(Beginning of TASK INPUT)

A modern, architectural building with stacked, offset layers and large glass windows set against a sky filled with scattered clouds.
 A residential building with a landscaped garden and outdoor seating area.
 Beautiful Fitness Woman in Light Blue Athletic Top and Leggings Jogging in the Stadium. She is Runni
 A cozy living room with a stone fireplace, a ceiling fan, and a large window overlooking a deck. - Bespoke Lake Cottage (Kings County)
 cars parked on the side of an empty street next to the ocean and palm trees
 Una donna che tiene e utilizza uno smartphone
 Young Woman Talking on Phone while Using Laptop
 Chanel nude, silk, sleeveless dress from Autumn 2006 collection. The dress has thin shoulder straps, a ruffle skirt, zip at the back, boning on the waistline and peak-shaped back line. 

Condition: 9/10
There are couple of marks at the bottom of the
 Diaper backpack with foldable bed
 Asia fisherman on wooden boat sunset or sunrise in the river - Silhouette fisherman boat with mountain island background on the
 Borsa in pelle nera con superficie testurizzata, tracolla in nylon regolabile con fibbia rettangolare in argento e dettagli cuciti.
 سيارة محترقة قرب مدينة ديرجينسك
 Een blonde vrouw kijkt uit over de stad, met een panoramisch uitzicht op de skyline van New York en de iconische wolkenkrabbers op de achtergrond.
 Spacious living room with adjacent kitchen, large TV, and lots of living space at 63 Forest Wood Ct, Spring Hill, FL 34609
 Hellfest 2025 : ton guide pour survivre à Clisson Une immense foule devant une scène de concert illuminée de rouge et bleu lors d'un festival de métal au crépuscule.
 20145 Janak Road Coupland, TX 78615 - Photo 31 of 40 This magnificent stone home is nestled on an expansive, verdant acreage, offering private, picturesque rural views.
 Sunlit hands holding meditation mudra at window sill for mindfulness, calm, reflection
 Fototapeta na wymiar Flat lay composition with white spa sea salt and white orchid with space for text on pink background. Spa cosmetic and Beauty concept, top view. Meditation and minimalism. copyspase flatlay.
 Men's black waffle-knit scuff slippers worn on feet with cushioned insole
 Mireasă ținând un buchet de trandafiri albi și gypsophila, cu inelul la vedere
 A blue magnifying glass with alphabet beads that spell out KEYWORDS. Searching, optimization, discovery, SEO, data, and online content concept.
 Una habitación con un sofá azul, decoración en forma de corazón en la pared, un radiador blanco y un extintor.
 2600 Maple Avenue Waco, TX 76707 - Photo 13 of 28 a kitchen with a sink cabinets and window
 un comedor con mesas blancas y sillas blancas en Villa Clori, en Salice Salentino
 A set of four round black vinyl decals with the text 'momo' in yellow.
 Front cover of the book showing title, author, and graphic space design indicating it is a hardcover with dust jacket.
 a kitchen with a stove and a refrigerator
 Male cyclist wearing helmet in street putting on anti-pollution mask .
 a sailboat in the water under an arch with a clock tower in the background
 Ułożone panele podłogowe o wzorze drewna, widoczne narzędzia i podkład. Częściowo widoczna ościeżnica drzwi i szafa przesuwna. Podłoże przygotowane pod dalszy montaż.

(End of TASK INPUT)

### TASK REQUIREMENTS
Whenever a line above includes "glass", copy it in full.

### SOLUTION TO THIS TASK
A modern, architectural building with stacked, offset layers and large glass windows set against a sky filled with scattered clouds.
 A blue magnifying glass with alphabet beads that spell out KEYWORDS. Searching, optimization, discovery, SEO, data, and online content concept.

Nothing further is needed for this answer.